Translated by billwilliam; Reviewer: Wencheng
Twenty-six days have passed since 12 Hongkong activists were arrested on their way to Taiwan by the Chinese police. Mainland lawyers hired by their families were discouraged by the government from visiting the activists. The world is genuinely concerned about their wellbeing.
These 12 young Hongkongers have all participated in the Anti-Extradition protests previously. Their fate can be predicted from CCP’s Foreign Ministry spokesperson Hua Chunying’s definition of their activities as “secession from China.”
Beijing was reportedly angry at the Hongkong government’s lack of tough actions after the National Security Law was implemented in July. So they decided to “lure” the 12 activists into the sea at any cost.
On August 23 when the incident occurred, the speedboat carrying the 12 activists stayed within a safe area, waiting for a large ship to pick them up. Unexpectedly, mainland China’s Coast Guard suddenly crossed the border to make arrests. The two sides had a confrontation at sea.

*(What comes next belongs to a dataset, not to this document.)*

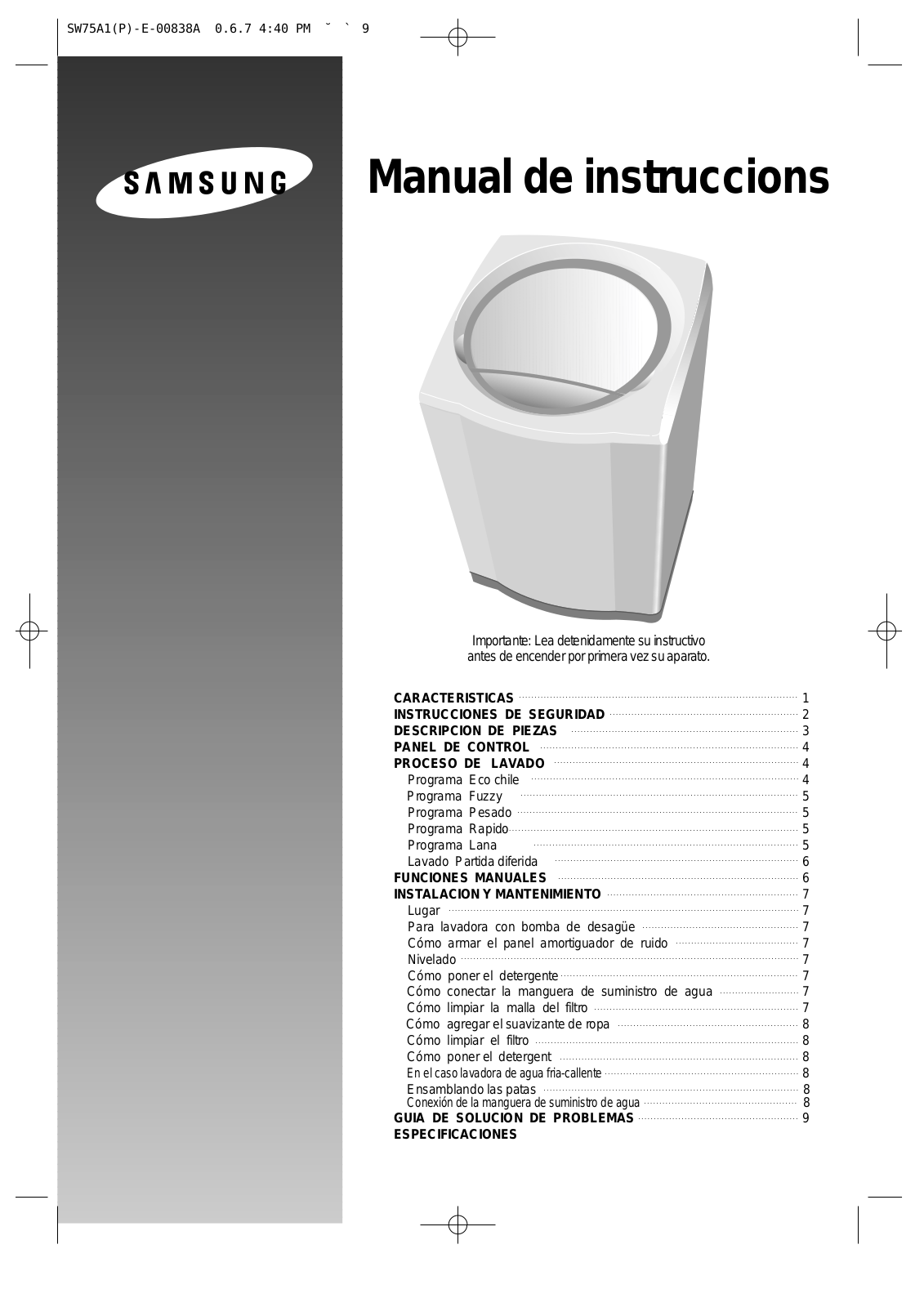 Samsung WA8535D0, WA8034D1, WA8032D1, WA7534C1, WA7532C1 User Manual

This also proves why until now, the authority still refused visits to the 12 activists by mainland lawyers hired by their families. Everyone is clear about the CCP’s evil intention. The accusation of trespassing into mainland Chinese waters is unfounded. Why did the CCP make the arrests?
During Hongkong’s Anti-Extradition Movement last year, the CCP asserted that foreign forces planned and provided monetary support to the protest. Last August, Zheng Wenjie, an employee at the British Consulate in HK, was detained in Shenzhen. Zheng was sentenced to a 15-day detention for “hiring prostitutes.” Zheng said that State Security agents told him beforehand he would be accused of armed insurrection and rioting. During the secret interrogation, he was tortured. The interrogators insulted him as “enemy of the state” and tried to force him to confess that “Britain masterminded the Anti-Extradition Movement.”
We can predict what happened to the 12 HK activists during the 26 days of detainment in mainland China. The CCP would use physical and psychological tortures to extract so-called “confessions” that foreign anti-China forces planned and funded the protests. Such “confessions” will then be used against the protests.
According to a lawyer in mainland China, China’s Criminal Prosecution Law stipulates that a suspect can be detained for a maximum of 37 days before being officially arrested. That means if the Shenzhen Yantian District Prosecutor doesn’t approve the arrests, these 12 activists will be bailed out or freed by October 1. If the arrests are approved, they will continue to be detained and are likely to be declared guilty. We wish the best for them.